* TASK INSTRUCTIONS:
Retype exactly the lines from the one containing "Late Model Excellent" through the last line of the records below, including both, and leave out any pictures.
%%
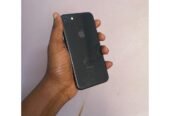 IPHONE 8PLAIN: GB64😎Clean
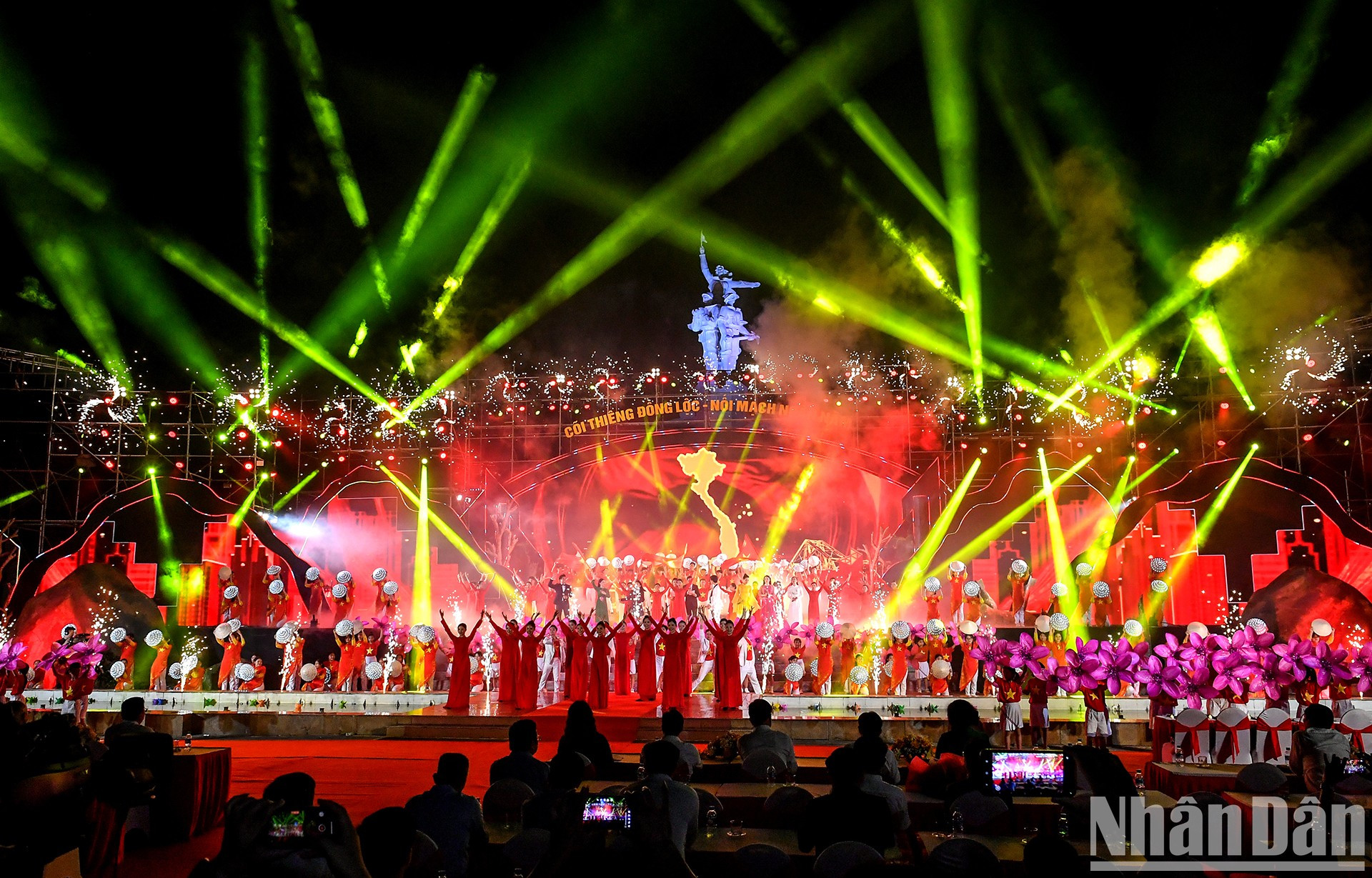 [Foto] Conmemoran con gala artística la victoria vietnamita de Dong Loc 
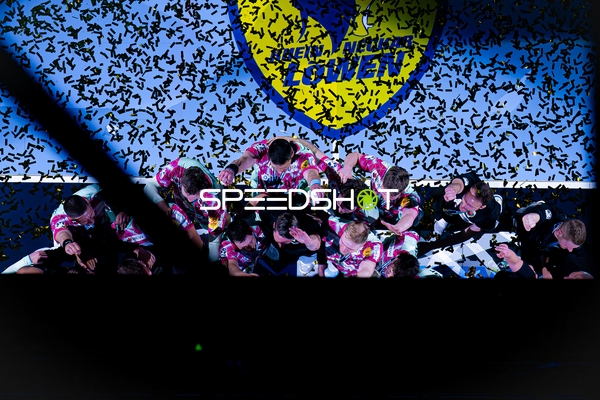 Rhein-Neckar Löwen feiern gemeinsam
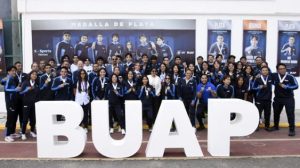 BUAP inaugura la Avenida de Campeones en Ciudad Universitaria; reconoce a sus atletas medallistas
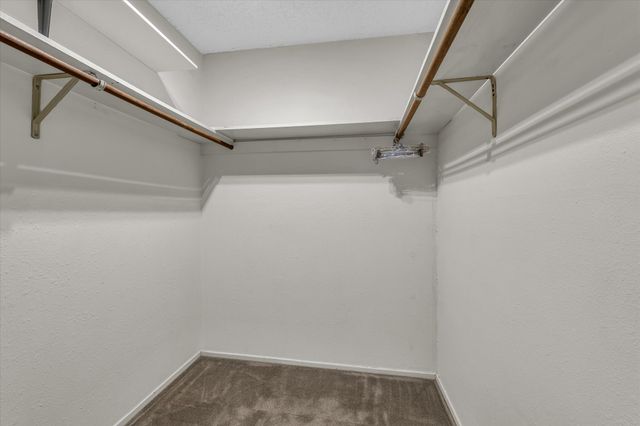 805 Evelyn Drive, Lorena, TX 76655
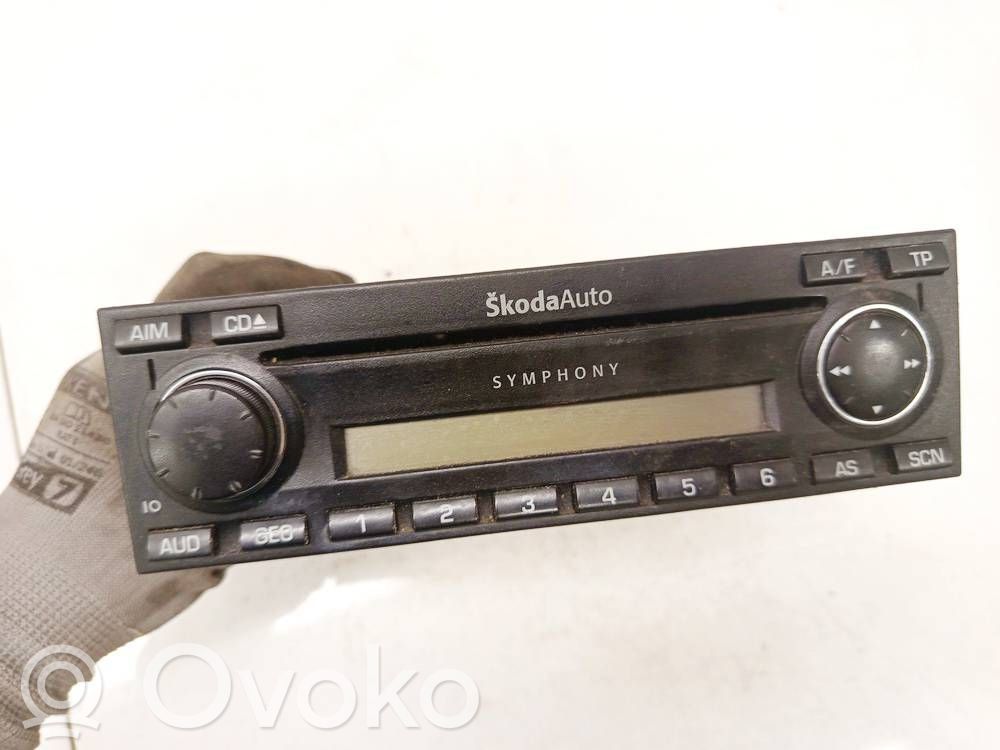 Skoda Superb B5 (3U) Panel / Radioodtwarzacz CD/DVD/GPS 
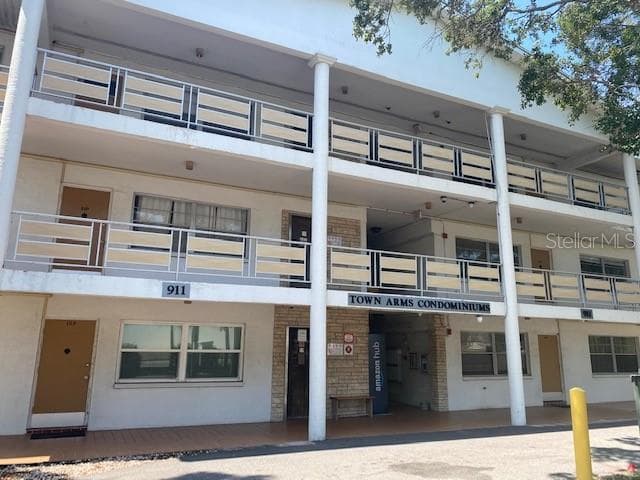 911 WASHINGTON AVE UNIT 107 LARGO, FL 33770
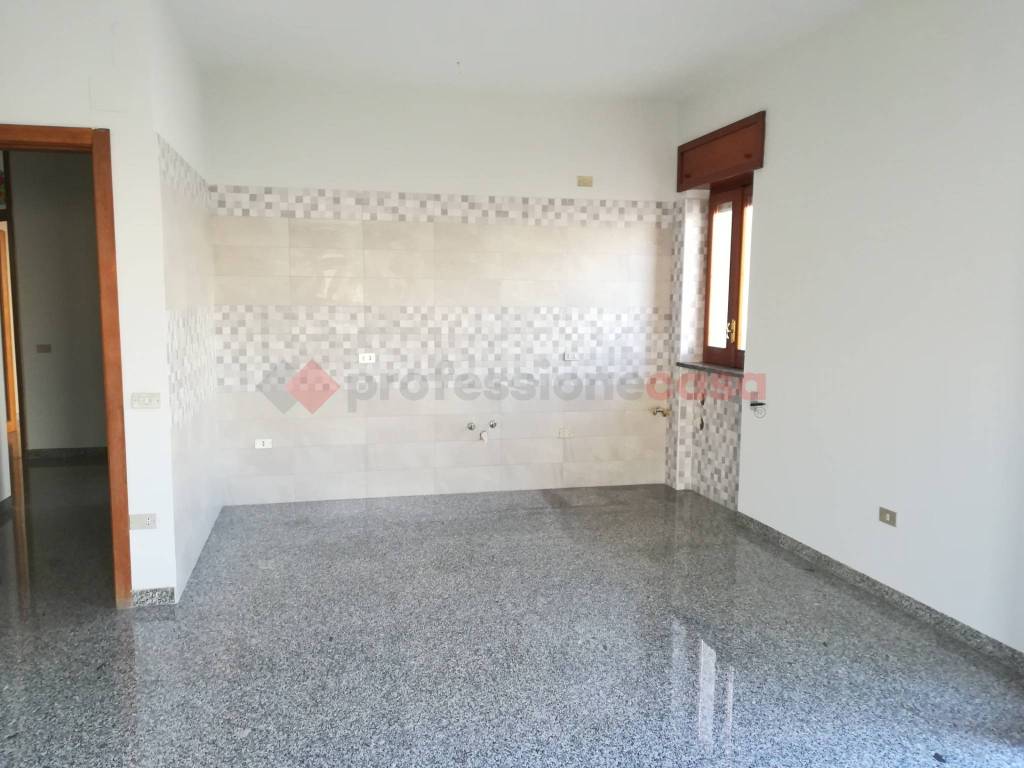 Appartamento a Grottaglie in Via Milano - Foto 4
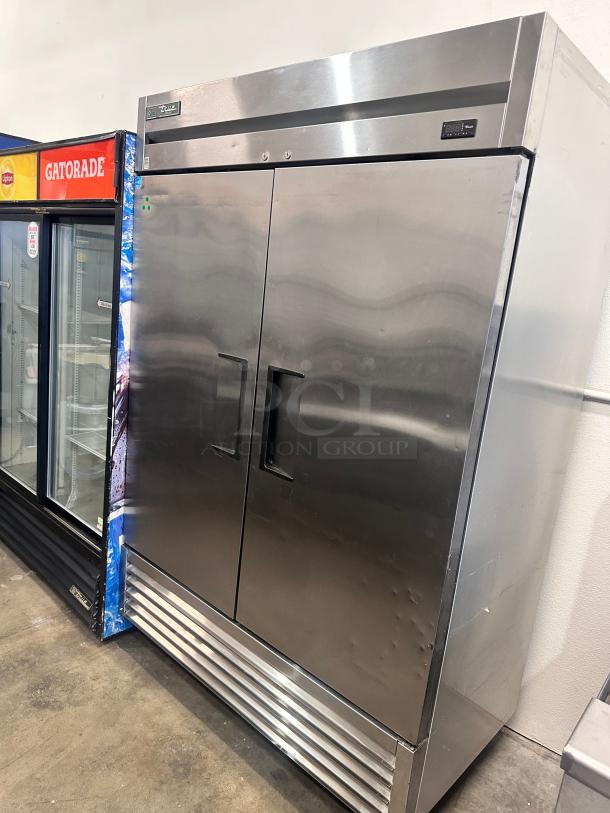 Late Model Excellent True T-49F-HC 54" Two Section Reach In Freezer 115volt Tested and Working! - Image 9 of 9
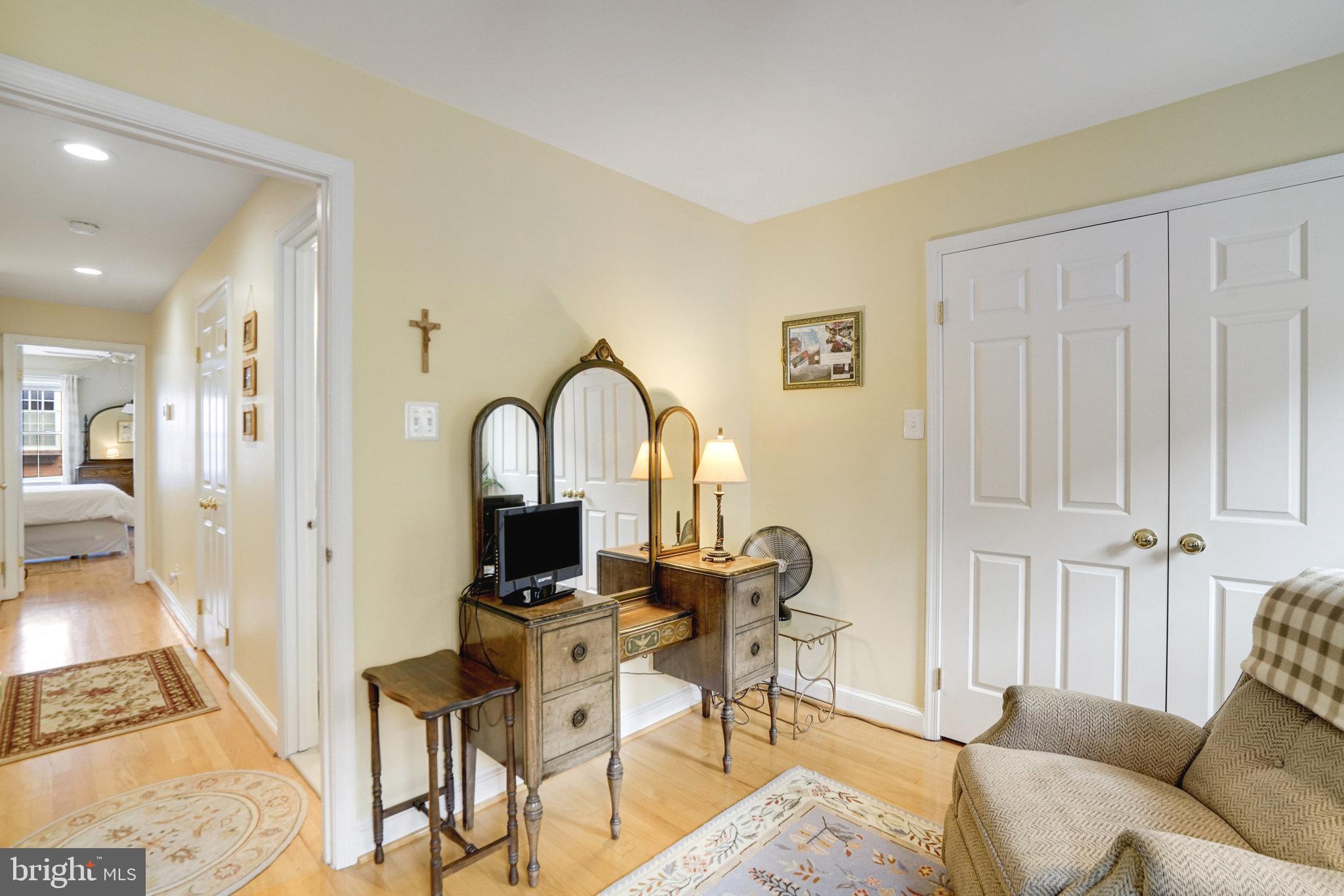 CANAL WAY - Residential Lease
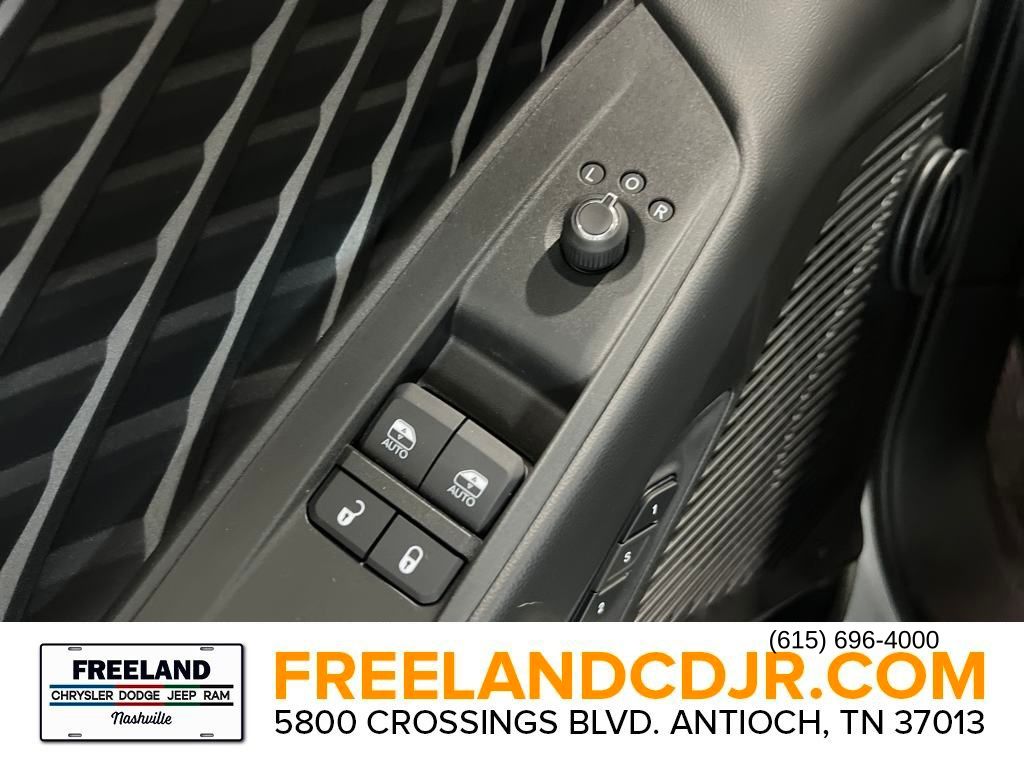 Vehicle image 11 of 23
%%
* ANSWER TO THIS PROBLEM:
 Late Model Excellent True T-49F-HC 54" Two Section Reach In Freezer 115volt Tested and Working! - Image 9 of 9
 CANAL WAY - Residential Lease
 Vehicle image 11 of 23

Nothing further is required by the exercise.